Speech by President Charles Michel after his meeting with the Federal Chancellor of Austria Sebastian Kurz

Grüß Gott Sebastian,

I would like to start by thanking you for the invitation to spend this evening with you. We had a very extensive meeting covering the various European issues that most concern us.

I should like to take my turn in congratulating you on the good election result and the subsequent negotiation leading to the government agreement. That agreement expresses Austria’s commitment to play an active role in supporting the European project. I’m delighted about that, as we have already enjoyed good cooperation when we were both prime ministers. We know each other and know we’ll be able to work together to make progress on a number of priority issues that mean a lot to us.

Firstly, I share your ambition to work on growing the economy and creating more jobs and more economic activity. That’s a precondition for making progress, too, on social conditions and policies. I believe that Europe has a role to play, by developing our digital agenda and promoting innovation, tomorrow’s jobs, artificial intelligence and big data. These are ways in which Europe can bring more added value in the future.

Climate change, which you mentioned, is in my view another structural component on which to build a European growth plan centred on innovation and technology. That strong ambition was expressed by the December European Council, when Ursula von der Leyen announced the European Green Deal. This will be a key focus for the years ahead, as this ambition to make Europe the first climate-neutral continent is a very clear message addressed to universities, businesses, researchers and SMEs. It will be up to the European authorities to set the course and be consistent in trying to provide Europe with the resources it needs.

That will also be necessary in the discussions on the next EU budget. The Just Transition Fund is a key component, as it will indicate how we can realistically use the funds available to adapt our infrastructure and prepare for the future we want with regard to climate change.

We face many challenges at the European level, which we will come back to shortly.

Brexit is undoubtedly an important topic. We respect the choice that British voters made in the referendum, although we regret it. The withdrawal agreement has now been endorsed and we are entering the second stage of negotiations. It is very important to maintain the unity we have between the 27 EU countries, in the hope that we can keep a close relationship with the United Kingdom in various areas, including the economy, trade, security, and geopolitical matters.

Then there’s a final matter I would like to mention at this stage: our shared ambition, which we’ll need to bolster so that the European Union can exert at international level a degree of political and diplomatic influence that is more in keeping with its economic and political weight.

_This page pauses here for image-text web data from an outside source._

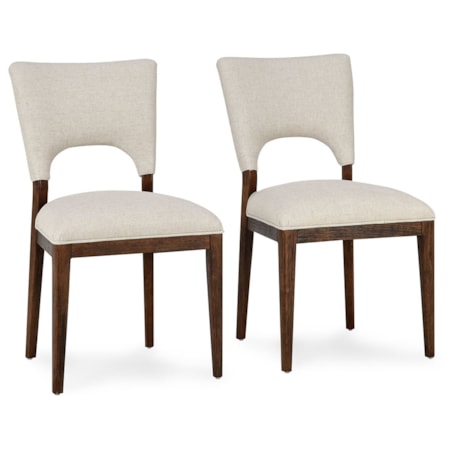 Upholstered Dining Chair Natural Set Of 2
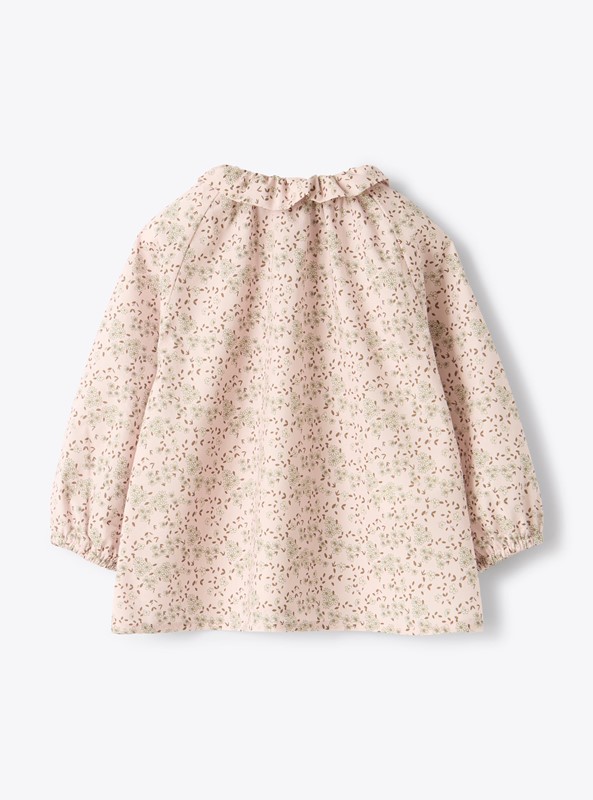 Camicia manica lunga fantasia floreale
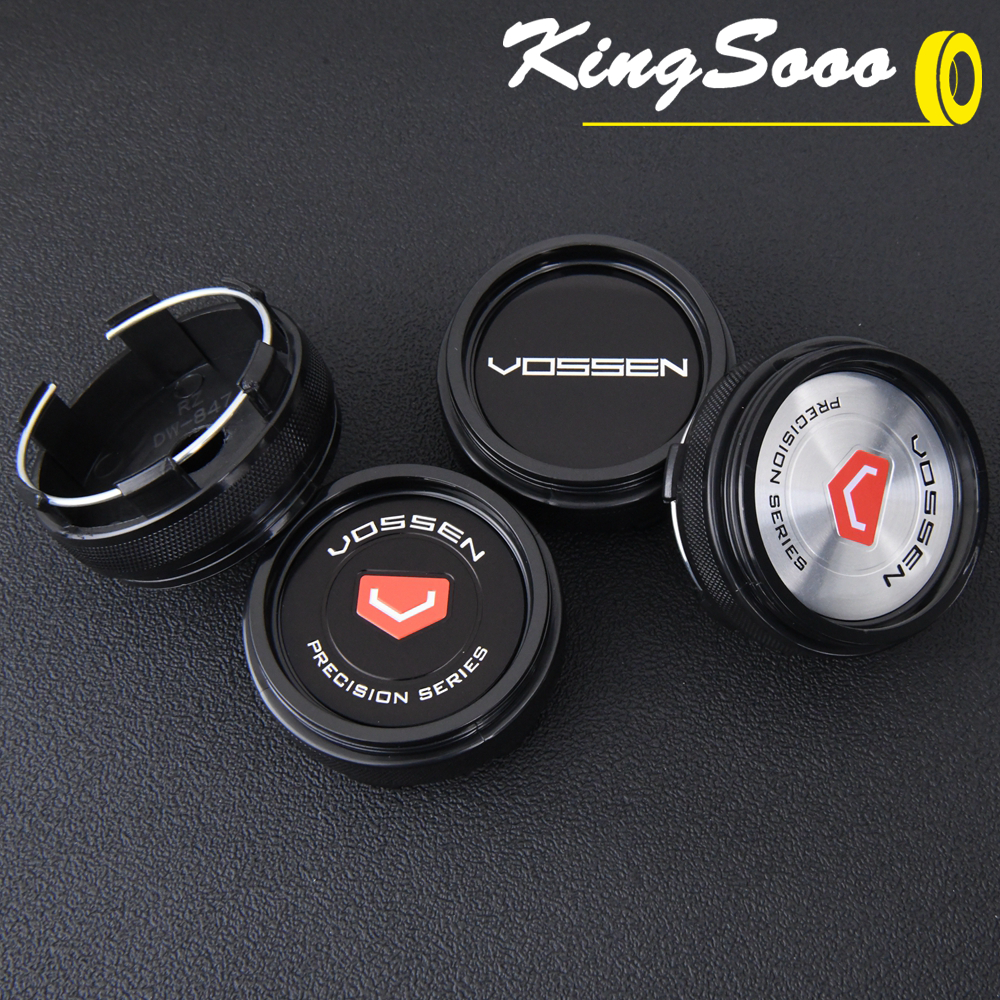 1ห่อ/4ตัว JDM แข่งรถ ขนาดขา 62มม VOSSEN ขอบ ฝาปิดดุมล้อ ฝาครอบดุมล้อ VOSSEN สติกเกอร์ ครอบดุมล้อตัวสูง สีดํา & สีเงิน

We are talking about 500 million citizens, in democracies and under the rule of law, with strong, universal values of dignity. We have values to promote at international level. We also have interests to defend at international level, in our relations with the other major world regions.

It is vital that we become a bigger player on the international stage and don’t allow others to decide for us the destiny of the European Union. That seems to me to be the central concern, specifically in order to prevent the difficult situations we have known in the past, with Europe faced at times with major migration inflows, sometimes even of irregular or illegal migration. This is one aspect of our ability to attempt to tackle a number of challenges, and to do so in a spirit of European cohesion and unity. Migration will be the subject of one of the discussions we’ll be holding in the European Council in the months ahead.

To sum up, I would like to thank the chancellor again for welcoming me here. I’m glad to have this chance to deepen our dialogue, because it is very important to me personally and as President of the European Council to clearly understand the political priorities of the different governments in Europe. I believe this clear understanding is key to the trust we share. Having the trust of a European leader is very important to me, because I know that our mutual trust, the proper understanding of different priorities, is the indispensable first step towards reaching decisions together.

In recent years we’ve seen the European Union facing frequent crises – a financial crisis, a fiscal crisis, a migration crisis and Brexit. But I am entirely convinced that this new institutional cycle, with a new European Commission, a new European Parliament and a new European Council, needs to be the starting point for a more positive European Union agenda. We, as European leaders, need to decide to take greater control of our destiny, to identify the priorities on which decisions must be taken in the interest of the peoples of Europe while respecting the different sensibilities in different European countries.

Thank you for this opportunity to meet. Thank you in advance for the work which – I am quite sure – we will do together over the coming years. Thank you very much.